My fellow Daughter of Charity, Sister Barbara Repetowska, and I check up on Nicholaevna weekly. We help clean the large wound on her face caused by skin cancer, we clip her nails and clean her bedroom.

Nicholaevna shares her two-room apartment with her daughter, granddaughter and great-grandson. But they suffer from alcoholism and are unable to care for Nicholaevna’s simplest needs.
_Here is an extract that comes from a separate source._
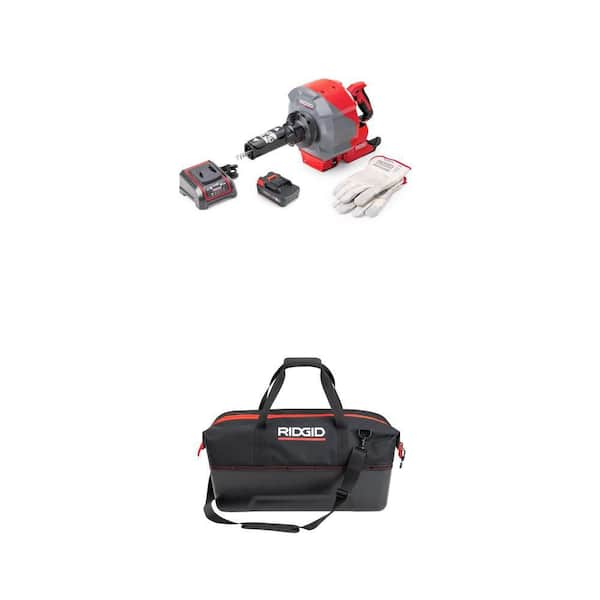 K-46 Cordless SinkSnake with 5/16 in. x 25 ft. IC Cable, 18V 2.5Ah Battery, Charger and Carrying Case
About three weeks ago when Sister Repetowska arrived for the weekly visit, no one answered the door.

A week later she tried again. This time someone answered the door. Inside, the apartment was filled with people drinking and smoking.

Sister Repetowska was shocked to find Nicholaevna lying barely responsive in a bed soaked with feces and urine. The smell was almost overpowering. There were bedsores on Nicholaevna’s side and she was so weak and her legs were so painful that she was unable to stand.

Sister Repetowska prevailed upon one of the less-inebriated family members to help carry Nicholaevna to the bathroom. Sister Repetowska bathed her and dressed her in some clean clothes and cleaned the bedding.

Once back in a clean bed, Nicholaevna drank four cups of tea and then ravenously ate the food that Sister Repetowska brought for her.

Since this incident, we in the parish have made it a point to visit Nicholaevna every day.

Recently, Orneva and I went to see Nicholaevna. We washed her face and hands, changed the sheets, washed her body, cleaned and dressed her bedsores. Then we changed her clothes, massaged her back and rubbed her dry legs and feet with lotion. Then we covered her in clean blankets.

She drank some orange juice and hot, sweet tea and ate some chicken vegetable soup, just enough of it to take the medicine prescribed for her leg pain.

While Nicholaevna ate, we chatted about parishioners — who is sick, who is getting better, how the young people are doing, what the priests are up to. When she was finished eating, we prayed a decade of the rosary with her and packed up our supplies and her laundry to wash at the parish.

Then we kissed her on the cheek and asked her to pray for us as we do for her.

Nina Nicholaevna showed me, in her need, the face of Jesus who suffered and died for love of me.

Once she was clean, warm and well fed, I looked into her grateful eyes and heard Jesus say: "It’s me. I am here."